Grace è un disco che oggi, 23 Agosto 2014, compie i suoi primi venti anni. Il suo creatore non è arrivato a celebrarne l’anniversario: Jeff Buckley è morto nel 1997 e la sua scomparsa, oltre ad essere una delle morti più strane della storia del rock, ha messo definitivamente la parola fine ad un talento immenso e a una voce senza eguali, capace di essere contemporaneamente dolce e graffiante.
Sono la persona meno indicata a parlare di Jeff Buckley, e soprattutto di Grace. Mi sono fatta descrivere troppe volte dalle sue parole criptiche e complicate, trovando ispirazione di volta in un volta in un brano diverso. La fase Eternal Life, quella Mojo Pin, quella Dream Brother, quella So Real, persino quella Corpus Christi Carol che avrebbe indirizzato anni dopo molti studi sulla voce.
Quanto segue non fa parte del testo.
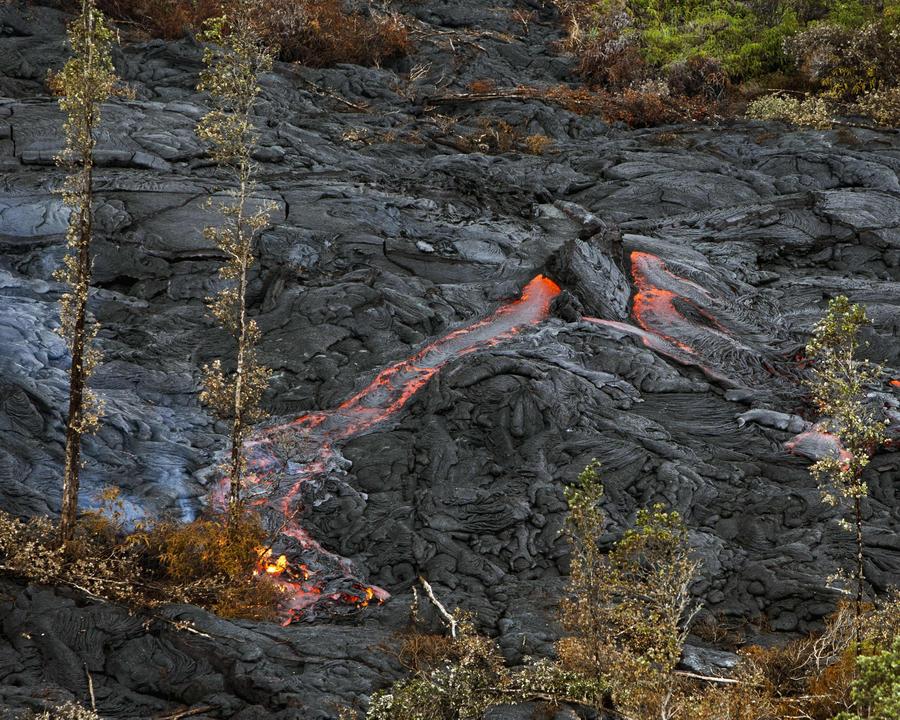 Hawaii lava crosses residential property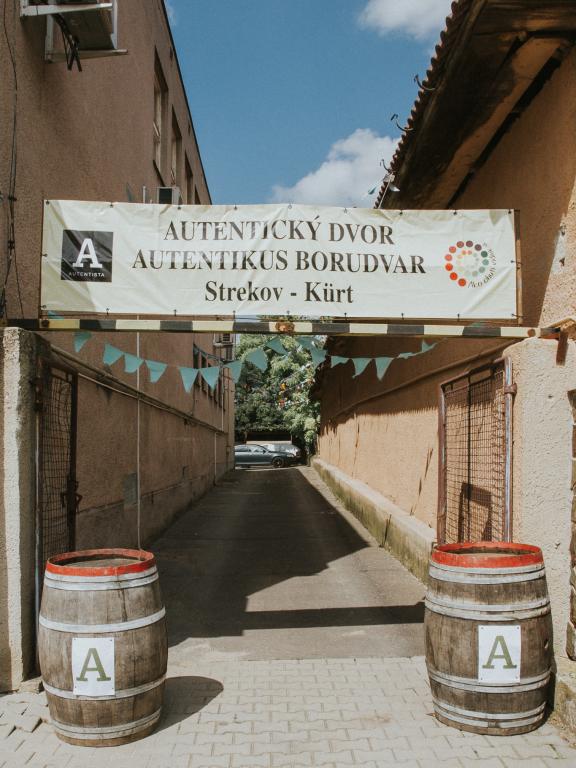 Vstup na Autentický dvor v Strekove
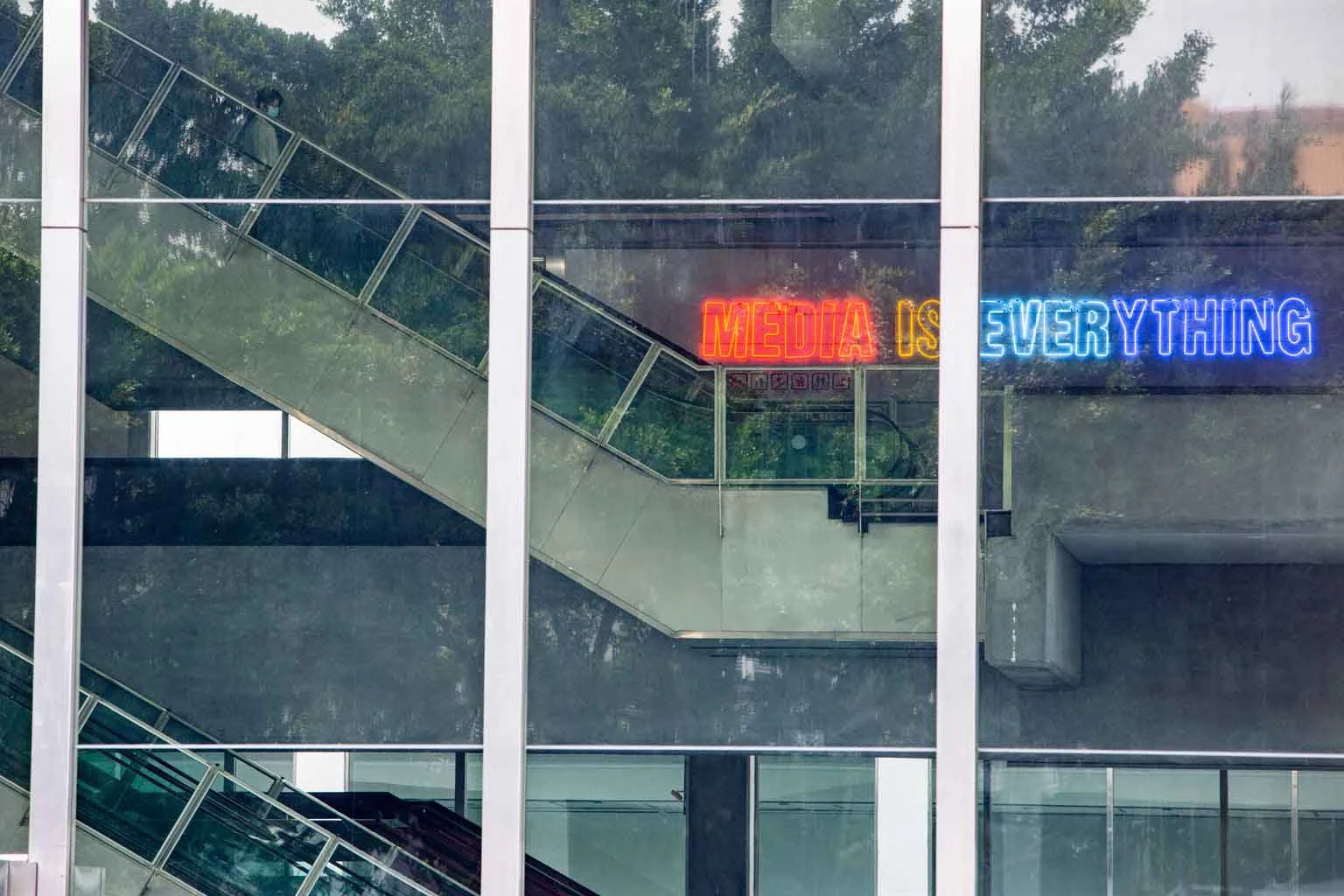 盧明德，《媒體是一切》，2001，綜合媒材、霓虹燈、變壓器，75×630cm ©藝術家與臺北市立美術館-圖片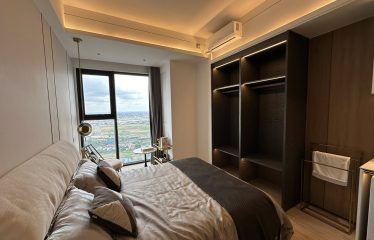 Vue Aston, river-front condominium with 4 river views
E la fase della title track Grace, che temo non sia mai passata, come quella di Lover You Should’ve Come Over, probabilmente una delle canzoni d’amori più struggenti della storia.
Per dovere di cronaca potrei dirvi le curiosità sulle registrazioni di Grace di Jeff Buckley: che furono lunghissime e complicate, con il produttore Andy Wallace chiamato a tenere sotto controllo le infinite versioni delle canzoni cui Jeff Buckley non sembrava mai dare fine, oppure che le ispirazioni dell’album sono talmente svariate da passare da Nusrat Fateh Ali Khan, padre del qawwali, fino a Leonard Cohen (del quale interpretò la canzone Hallelujah nella cover tra le più celebri della storia), Edith Piaf e i Led Zeppelin.
Quello che conta, però, è che alla fine di questi vent’anni Grace non invecchi, né accenni a perdere importanza nelle tradizionali classifiche dei dischi più famosi o più belli della storia della musica. Buon ventesimo compleanno, Grace. Quanto ci piacerebbe riportare in vita Jeff Buckley.